This weekend I’m preparing a big Easter feast for my son and his wife, my baby granddaughter, and my son’s in-laws (our co-grandparents). Am I nervous? You bet. You see, we moved into a condo a few months ago, and I’m still getting used to the new glass-ceramic cook top stove in my kitchen. Its smooth surface is a dream to clean, but so far this stove has spelled doom to more than one dish I’ve tried to cook on it.
Last week’s St. Patrick’s Day corned beef roast was its latest victim. I placed the roast in a deep cooking pot, doused it with a large can of good Guinness stout, set the pot on the stove and turned the heat to low. However, the burner has an inner and outer ring, and when both are turned on even a low setting can become really hot fast.
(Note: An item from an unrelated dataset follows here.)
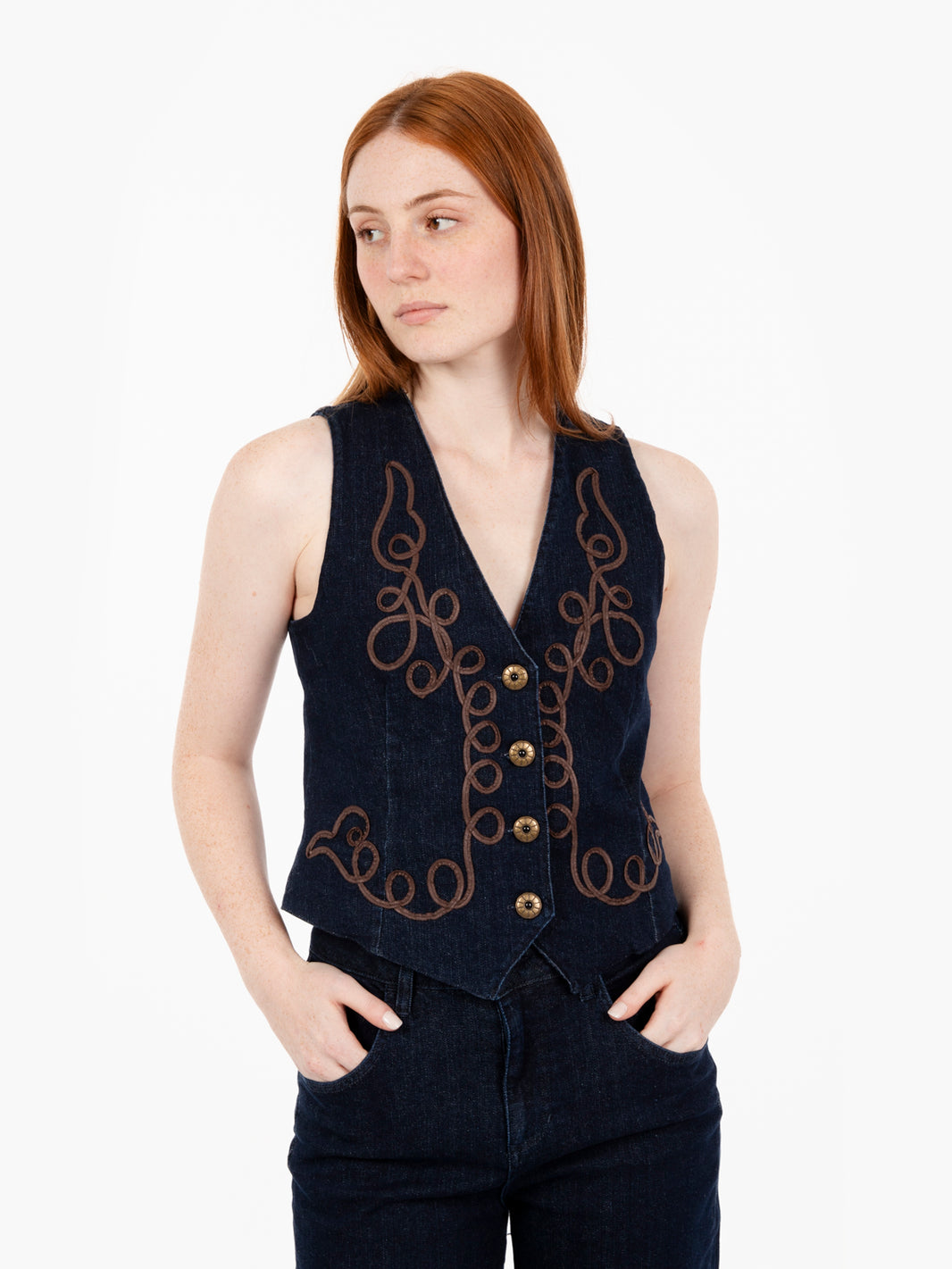 Gilet in denim 9oz con dettaglio ricamato blu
The roast was supposed to cook slowly on the stove for 2-3 hours. So, I left the roast to “simmer” while I went on a short errand and when I returned (about a half-hour later) it was to find that the meat had almost incinerated. The stout had evaporated into the heavens, leaving a thick, brown, bubbling and impenetrable crust on the bottom of the pan. My husband was home; he noticed the dense cloud of smoke coming from the kitchen and turned the heat off. I had to pry what was left of the roast out of the goop.
As you can imagine, the pot itself was a total disaster. It was an old Dutch oven I’ve had for decades, and I decided I could either dedicate the next two weeks of my life to trying to scrape it clean or just toss it and chalk the loss up to experience.
Guess which option I chose. Let’s just say my cupboards are a bit roomier now.
No wonder my daughter-in-law, who’s also had experience with a glass-ceramic cook top, calls it a Chernobyl stove. I can see why, after my pot nearly melted down.
Anyway, my St. Patrick’s corned beef mishap makes me fear for the fate of my Easter dinner. You can bet I’ll be watching anything I cook on the stove very carefully.
Have you had trouble getting used to working with a glass-ceramic cook top? I’d love to hear about your experiences, and especially any tips you may have.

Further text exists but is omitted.